Walter Pardon was an English carpenter, folk singer and recording artist from Knapton, Norfolk, England.
16 Facts About Walter Pardon
Walter Pardon learned songs and tunes from older members of his family and remembered and performed them at a time when most people of his generation were uninterested in traditional music.
Walter Pardon was then able to pass his songs and tunes on to a new generation of folk music collectors and performers.
Walter William Pardon was born and brought up in the cottage in Knapton where his mother, Emily, was born in 1874.
Walter Pardon was an only child from a family in which most men were farm workers.
Walter Pardon was apprenticed to a carpenter at the age of 14, and worked in that trade all his life.
Walter Pardon spent four years in the army at Aldershot during the Second World War, still working as a carpenter.
Walter Pardon was interviewed and recorded by folk enthusiasts, including Karl Dallas, before his first record was released.
Billy could not do this as he had lost the use of some of his fingers so Walter Pardon had to do it.

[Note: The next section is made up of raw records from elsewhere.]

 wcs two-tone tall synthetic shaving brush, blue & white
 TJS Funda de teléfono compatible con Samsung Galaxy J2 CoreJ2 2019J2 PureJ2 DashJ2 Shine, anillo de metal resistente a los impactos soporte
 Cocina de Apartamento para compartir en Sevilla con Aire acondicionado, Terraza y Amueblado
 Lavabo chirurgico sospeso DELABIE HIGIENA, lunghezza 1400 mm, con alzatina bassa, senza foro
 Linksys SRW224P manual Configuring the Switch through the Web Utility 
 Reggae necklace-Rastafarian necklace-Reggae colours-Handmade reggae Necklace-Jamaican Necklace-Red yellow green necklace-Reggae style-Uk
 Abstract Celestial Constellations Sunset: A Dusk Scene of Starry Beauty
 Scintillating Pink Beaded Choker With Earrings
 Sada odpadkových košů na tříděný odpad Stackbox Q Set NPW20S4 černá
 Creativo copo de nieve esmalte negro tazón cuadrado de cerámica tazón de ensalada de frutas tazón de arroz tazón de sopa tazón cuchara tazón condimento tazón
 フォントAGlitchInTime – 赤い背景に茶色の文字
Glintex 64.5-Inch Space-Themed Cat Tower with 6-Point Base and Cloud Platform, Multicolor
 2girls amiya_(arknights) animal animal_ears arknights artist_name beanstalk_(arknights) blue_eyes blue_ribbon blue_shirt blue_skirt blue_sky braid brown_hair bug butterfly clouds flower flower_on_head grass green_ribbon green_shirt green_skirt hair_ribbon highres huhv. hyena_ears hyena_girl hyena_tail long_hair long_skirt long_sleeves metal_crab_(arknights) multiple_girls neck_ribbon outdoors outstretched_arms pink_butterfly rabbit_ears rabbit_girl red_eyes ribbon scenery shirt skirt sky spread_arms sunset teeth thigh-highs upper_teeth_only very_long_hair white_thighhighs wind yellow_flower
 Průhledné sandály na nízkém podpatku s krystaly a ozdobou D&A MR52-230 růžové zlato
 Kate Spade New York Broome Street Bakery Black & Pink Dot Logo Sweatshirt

Walter Pardon appeared at folk clubs and festivals and was invited by A L Lloyd to join a group of English singers attending the American Bicentennial celebrations in 1976.
Walter Pardon's father died in 1957, and Walter Pardon lived alone in the cottage from then on.
Walter Pardon is said to have known at least 182 songs.
Walter Pardon learned some songs from records that he listened to using a wind-up gramophone.
Walter Pardon is one of four 'traditional' singers, with overlapping lifetimes, compared in a 2005 doctoral thesis by David Hillery.
Hillery states that as Walter Pardon learned most of his songs from his family, and did not sing in pubs or elsewhere in public until he was taken up by the folk revival movement, his opportunities to learn new songs up until he was taken up would have been limited to radio, his record collection, and television.
Walter Pardon asserts that such 'idiosyncrasies' are not always successful, especially if over-used.